Cryptozoology, BioForteana, Zoological Oddities, Unusual Natural History

Marketing Cryptozoology Books

There are several methods for marketing CZ books:

  • Personal marketing
  • Community marketing
  • Reviews
  • External markets

Certainly, you should start with the minimum of a simple website for the book, or at least a page on it if you already have a site dedicated to cryptozoology. Inexpensive hosting services by GoDaddy and others allow you to quickly put up information about the book (description, contents, excerpts, cover image, etc.). How much you want to put up about yourself is up to you; some authors prefer to focus on the books, others essentially "brand" themselves to create more impetus for their audience to pick up further books. As an author, too, don't forget to take advantage of Amazon.com's various marketing programs on their own site. They are offering a number of opportunities for authors to communicate with readers.

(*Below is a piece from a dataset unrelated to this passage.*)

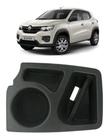 Porta Copos Console Renault Kwid (Todos) - PRETO - Preto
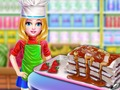 Juego Pastel de sándwich con helado  en línea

Community marketing is that marketing which focuses on those already interested in cryptozoology: the primary audience for non-fiction cryptozoology books. (Cryptofiction is a bit different, as the community can also incorporate science fiction readers in general.) Communication with this audience can take place online (blogs, forums, email discussion lists), through society newsletters, topical magazines, and in person (at cryptozoology conferences and other events). Whether through advertising, writing articles, speaking, or however, you are sparking interest in your subject of interest, and hopefully people will find it interesting enough to check out your work. Sending out a "press release" to various site-owners and list-owners is simple enough with email now.

Typically, review copies should be obtained as soon as possible to send out to cryptozoology publications. Unfortunately, the number of publications that review such books is steadily dwindling. I typically send books at least to the British Columbia Scientific Cryptozoology Club for their newsletter, and Fortean Times. There are a few other magazines of a paranormal bent that review CZ material. Strange Magazine and Anomalist.com may or may not still accept review copies. Depending on the subject, you may find other markets outside cryptozoology that might consider reviewing the book. The "big" review publications typically don't review POD books, or most other self-published books, so you'll have to look for specialized reviewers.

It might be worth a shot (no guarantee) to advertise your book in other markets, depending on the subject. I'd be interested in knowing, for example, whether advertising a Bigfoot book in a hunting/fishing/outdoors publication garners any interest. Think of possible related topics and check to see if there are magazines in that field; some might be interested in a review copy.